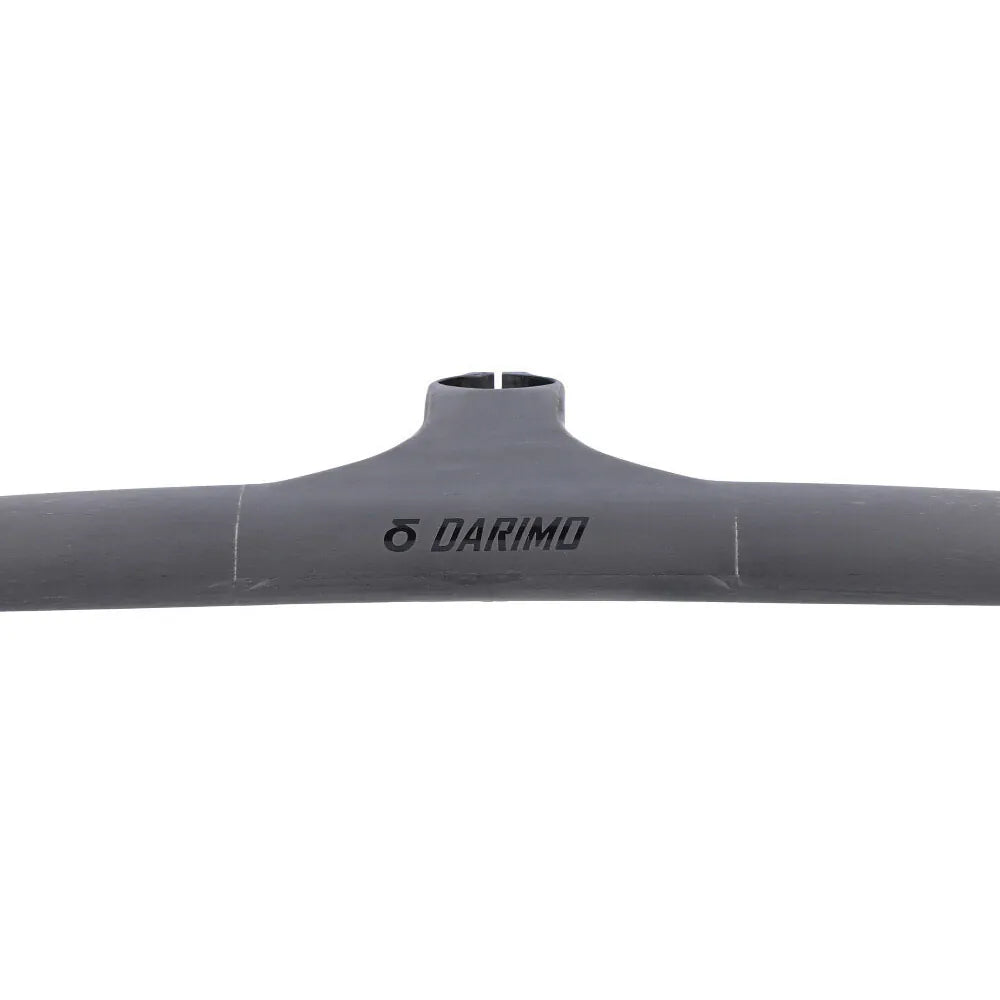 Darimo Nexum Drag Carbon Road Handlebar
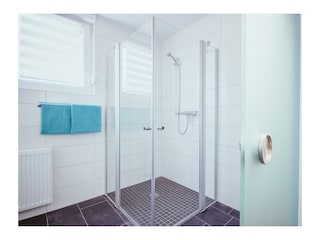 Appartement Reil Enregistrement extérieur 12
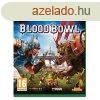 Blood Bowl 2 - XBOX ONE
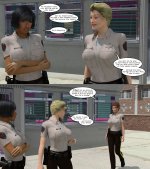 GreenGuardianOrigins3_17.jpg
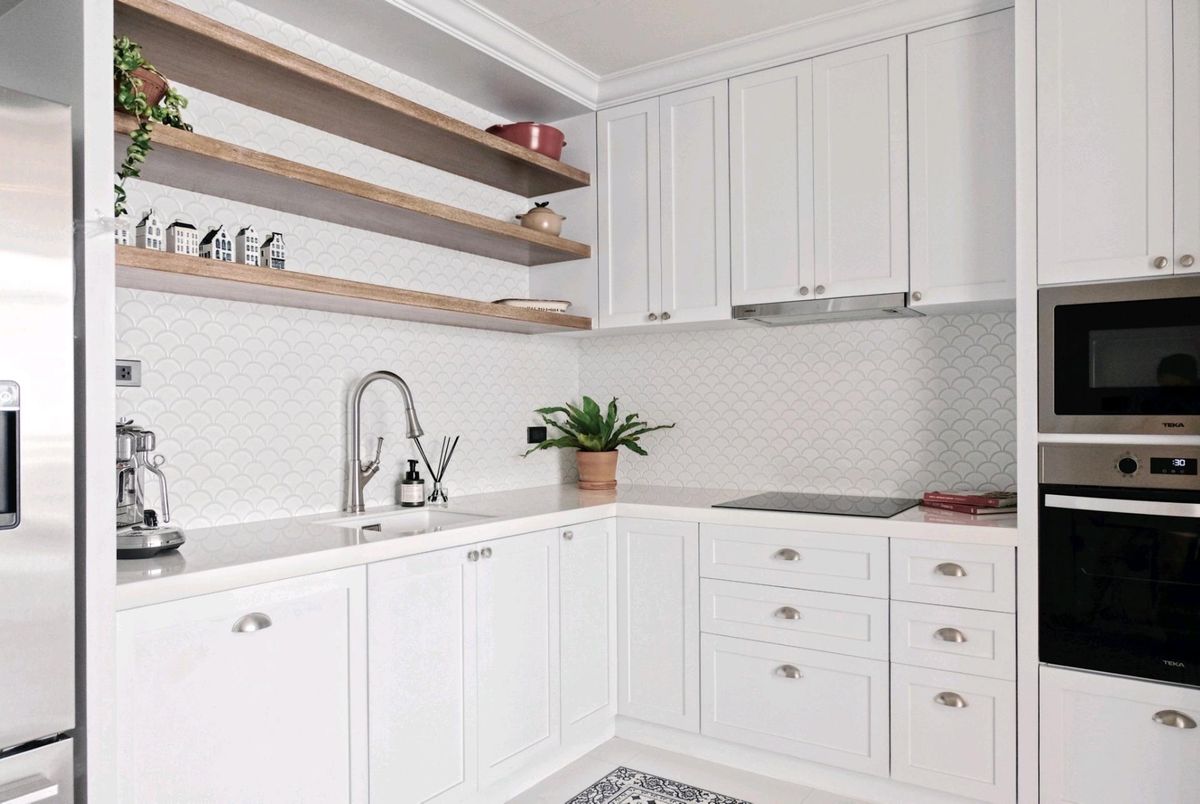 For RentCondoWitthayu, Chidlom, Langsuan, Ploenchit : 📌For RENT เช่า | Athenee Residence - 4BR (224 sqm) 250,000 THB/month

-- Problem requirements --
Write out again only the lines from the line that contains "Appartement Reil Enregistrement extérieur 12" through the last line of the records, both ends included, without any of the pictures.

-- Response --
 Appartement Reil Enregistrement extérieur 12
 Blood Bowl 2 - XBOX ONE
 GreenGuardianOrigins3_17.jpg
 For RentCondoWitthayu, Chidlom, Langsuan, Ploenchit : 📌For RENT เช่า | Athenee Residence - 4BR (224 sqm) 250,000 THB/month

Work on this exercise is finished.